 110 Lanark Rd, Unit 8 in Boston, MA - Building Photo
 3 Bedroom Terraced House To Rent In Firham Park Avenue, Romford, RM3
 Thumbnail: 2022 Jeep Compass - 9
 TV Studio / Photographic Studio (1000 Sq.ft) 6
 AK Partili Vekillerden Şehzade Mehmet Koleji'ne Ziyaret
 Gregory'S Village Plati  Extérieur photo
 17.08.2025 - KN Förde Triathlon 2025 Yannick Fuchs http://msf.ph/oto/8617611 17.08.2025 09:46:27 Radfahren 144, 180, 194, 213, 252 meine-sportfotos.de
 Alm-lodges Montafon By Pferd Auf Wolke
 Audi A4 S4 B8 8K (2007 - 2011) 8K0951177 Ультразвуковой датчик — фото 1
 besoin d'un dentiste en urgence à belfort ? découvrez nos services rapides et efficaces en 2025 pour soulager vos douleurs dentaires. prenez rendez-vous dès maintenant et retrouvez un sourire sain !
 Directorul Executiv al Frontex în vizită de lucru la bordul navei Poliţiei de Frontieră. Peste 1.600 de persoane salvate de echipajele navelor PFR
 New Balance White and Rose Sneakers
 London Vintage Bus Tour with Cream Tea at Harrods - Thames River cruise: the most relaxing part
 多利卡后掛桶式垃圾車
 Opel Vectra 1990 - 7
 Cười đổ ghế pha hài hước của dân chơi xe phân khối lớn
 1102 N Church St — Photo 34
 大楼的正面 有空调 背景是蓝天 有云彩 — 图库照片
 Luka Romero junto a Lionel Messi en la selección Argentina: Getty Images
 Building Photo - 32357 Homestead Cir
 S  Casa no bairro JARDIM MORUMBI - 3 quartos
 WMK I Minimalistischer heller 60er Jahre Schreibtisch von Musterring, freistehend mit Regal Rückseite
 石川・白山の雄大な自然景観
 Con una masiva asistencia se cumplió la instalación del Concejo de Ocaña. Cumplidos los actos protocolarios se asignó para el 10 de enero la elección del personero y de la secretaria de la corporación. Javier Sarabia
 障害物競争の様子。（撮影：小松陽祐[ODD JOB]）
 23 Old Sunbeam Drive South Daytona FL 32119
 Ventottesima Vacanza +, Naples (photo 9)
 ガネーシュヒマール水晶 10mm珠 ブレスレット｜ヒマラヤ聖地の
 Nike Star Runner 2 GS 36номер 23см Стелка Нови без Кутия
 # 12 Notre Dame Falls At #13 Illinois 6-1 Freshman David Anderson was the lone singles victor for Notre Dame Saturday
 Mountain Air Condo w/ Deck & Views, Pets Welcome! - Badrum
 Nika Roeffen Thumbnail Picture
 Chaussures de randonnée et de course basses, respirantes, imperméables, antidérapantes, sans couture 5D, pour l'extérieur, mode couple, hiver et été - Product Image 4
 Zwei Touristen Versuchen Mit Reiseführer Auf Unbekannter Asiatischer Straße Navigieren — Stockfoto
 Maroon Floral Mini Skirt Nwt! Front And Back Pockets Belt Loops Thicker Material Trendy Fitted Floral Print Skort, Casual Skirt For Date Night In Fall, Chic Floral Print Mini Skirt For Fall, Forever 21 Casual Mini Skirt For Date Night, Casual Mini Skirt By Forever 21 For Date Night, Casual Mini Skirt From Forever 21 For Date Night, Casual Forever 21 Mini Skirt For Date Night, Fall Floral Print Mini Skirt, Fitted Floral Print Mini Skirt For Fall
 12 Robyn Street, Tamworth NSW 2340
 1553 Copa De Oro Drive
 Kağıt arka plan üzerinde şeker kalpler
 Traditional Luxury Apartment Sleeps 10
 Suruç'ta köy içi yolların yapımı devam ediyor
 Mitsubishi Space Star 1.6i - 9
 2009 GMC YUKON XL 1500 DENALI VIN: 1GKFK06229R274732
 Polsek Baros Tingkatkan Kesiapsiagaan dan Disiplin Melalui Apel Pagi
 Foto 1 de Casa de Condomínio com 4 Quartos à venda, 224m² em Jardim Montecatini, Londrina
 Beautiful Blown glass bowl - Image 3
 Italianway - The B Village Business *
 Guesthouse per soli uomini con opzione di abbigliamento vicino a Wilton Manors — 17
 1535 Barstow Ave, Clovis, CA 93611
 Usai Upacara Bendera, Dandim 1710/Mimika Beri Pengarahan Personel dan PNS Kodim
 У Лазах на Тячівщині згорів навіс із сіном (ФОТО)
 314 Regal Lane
────────────────────
» ACTIVITY:
Write out exactly the lines above from the line with "AK Partili Vekillerden" through the line with "Audi A4 S4 B8", both of them included, and leave out all other lines.

» WRITTEN ANSWER:
 AK Partili Vekillerden Şehzade Mehmet Koleji'ne Ziyaret
 Gregory'S Village Plati  Extérieur photo
 17.08.2025 - KN Förde Triathlon 2025 Yannick Fuchs http://msf.ph/oto/8617611 17.08.2025 09:46:27 Radfahren 144, 180, 194, 213, 252 meine-sportfotos.de
 Alm-lodges Montafon By Pferd Auf Wolke
 Audi A4 S4 B8 8K (2007 - 2011) 8K0951177 Ультразвуковой датчик — фото 1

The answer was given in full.